# First time -A bit confused



## wibigfish (Aug 27, 2020)

I’ve done quite a bit of reading on this site, but am confused on a few things.

This is my first time doing bacon and I’m 7 days into the curing process on 13lbs of pork bellies (rindoff)

I ended up using eq dry brine method and vac sealed the bellies after they were rubbed down with the mixture.

I ended up using the .25% cure as suggested by the diggingdog calculator. However, I realized that this will give me 156ppm of nitrites. Reading the forums it appears that traditional dry cured would be max of 200ppm and wet brine would be 120ppm max.

I’m not sure if I overdid the cure amount given that what I am doing isn’t an actual traditional dry cure but more of a dry “brine”.

I may be overthinking this, but this is my first time with bacon and want to make sure I’m good.  I usually stick to fish, but am looking to expand my horizons into meats.

I appreciate any help or input.

Matt


----------



## smokin peachey (Aug 27, 2020)

If you followed the diggingdog calculator you will be fine.  156ppm is good


----------



## Brokenhandle (Aug 27, 2020)

as 

 smokin peachey
  has you covered. You'll be good...welcome to the addiction of curing your own bacon!

Ryan


----------



## wibigfish (Aug 27, 2020)

smokin peachey said:


> If you followed the diggingdog calculator you will be fine.  156ppm is good



 Thank you much!


----------



## wibigfish (Aug 27, 2020)

Brokenhandle said:


> as
> 
> smokin peachey
> has you covered. You'll be good...welcome to the addiction of curing your own bacon!
> ...



Thanks Ryan, I look forward to starting with bacon and working into other meats/sausages.  It’s a bit intimidating the first go round for sure!


----------



## Brokenhandle (Aug 27, 2020)

wibigfish said:


> Thanks Ryan, I look forward to starting with bacon and working into other meats/sausages.  It’s a bit intimidating the first go round for sure!

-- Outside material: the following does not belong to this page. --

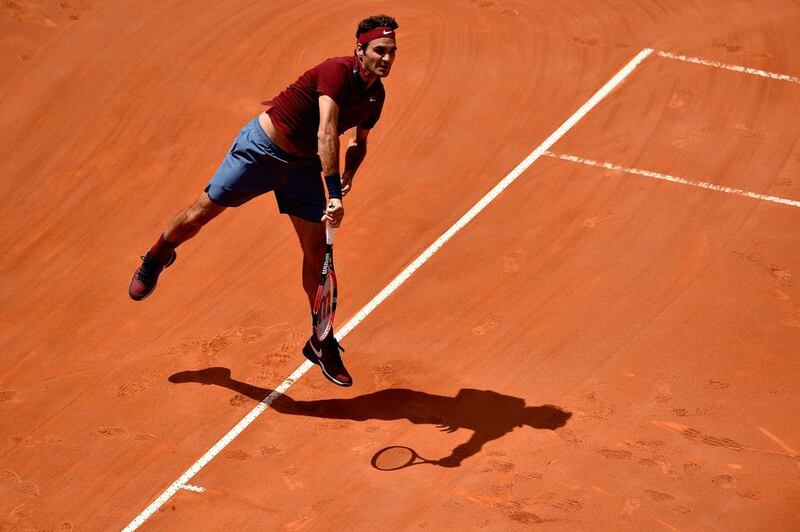 Roger Federer of Switzerland serves in his match against Dominic Thiem of Austria during their match at the Italian Open. Dennis Grombkowski / Getty Images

We've all been there! Don't get in a hurry,  double check your measurements,  and if ya have questions just ask...better to be safe.  After curing take the belly and rinse it off, then I usually cut a slice or two out of the middle and do a fry test before smoking. If it's too salty soak it in cold water for awhile,  can also change the water. If ya smoke it and its too salty your stuck with it.

Ryan


----------



## indaswamp (Aug 27, 2020)

Yep, you are good...200ppm is the max allowable nitrite for bacon. 156 will get it done. 

And welcome to SMF...


----------



## chef jimmyj (Aug 28, 2020)

The Guys got you covered. 156ppm is the standard for most Quick Cured meats, Ham, Canadian Loin Bacon and Sausages like Kielbasa and Andouille. 156ppm is a Safe amount with a Dry Rub Cure or a Brine Cure.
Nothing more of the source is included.